The Air Force started the process all over again, and Boeing and a partnership of Northrop Grumman Corp. and Airbus are now dueling for a $40 billion contract that could be awarded as soon as Feb. 27.
McCain said he won’t oppose Boeing winning it this time “if it is judged by the Pentagon to be a fair, open and equal competition. I have never favored any corporation.”
On the state of the race, McCain said the primary battle for delegates is far from ended as Huckabee is “still very formidable.”
And the Arizona senator said he is not sure how he’ll do in Washington’s caucuses because he’s not done well in any caucuses.
“We’ve never had the money to really work them,” he said.

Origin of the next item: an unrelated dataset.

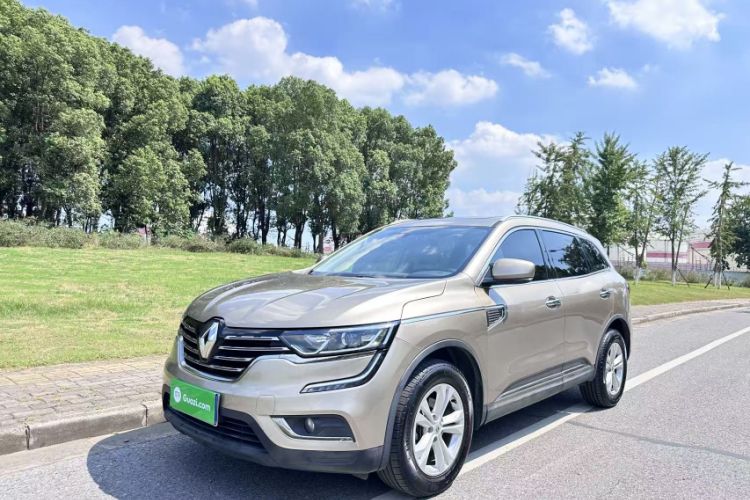 Used Renault Koleos 2018 2.0L Two-Wheel-Drive Luxury Edition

McCain said he planned to return to Washington before the Feb. 19 primary. Republicans in Washington are doling out about half of the delegates in the caucuses and the other half in the primary.
As the party’s presumptive nominee, McCain is receiving more attention from Democratic presidential candidate Sen. Barack Obama.
At his campaign rally Friday in Seattle, Obama said that he is looking forward to debating McCain because there are “clear distinctions” between them. Obama also contended McCain will perpetuate the “failed” defense and economic policies of President Bush.
“I’m more than ready to debate him,” McCain said, noting there a lot of domestic and foreign policy differences to be highlighted.
“Whether it’s Senator Obama or Senator Clinton it will be a respectful debate,” he said.
Back inside the Westin Hotel, Grant Schott, a self-described Democrat, drove up from Portland, Ore., to hear McCain and left with a bumper sticker attached to his sweatshirt.
“I’ve always liked McCain because he’s a consensus builder for America. I appreciate that he says what’s on his mind,” Scott said.
For Melanie and Adam Smith of Sammamish, McCain was the third presidential hopeful they’d seen in two days; they attended the Seattle rallies of Democratic Sens. Hillary Clinton and Barack Obama.
“I’m trying to figure out who I want to vote for,” said Melanie Smith. “I think (McCain) is a really nice guy, but I think I need to do some more research.”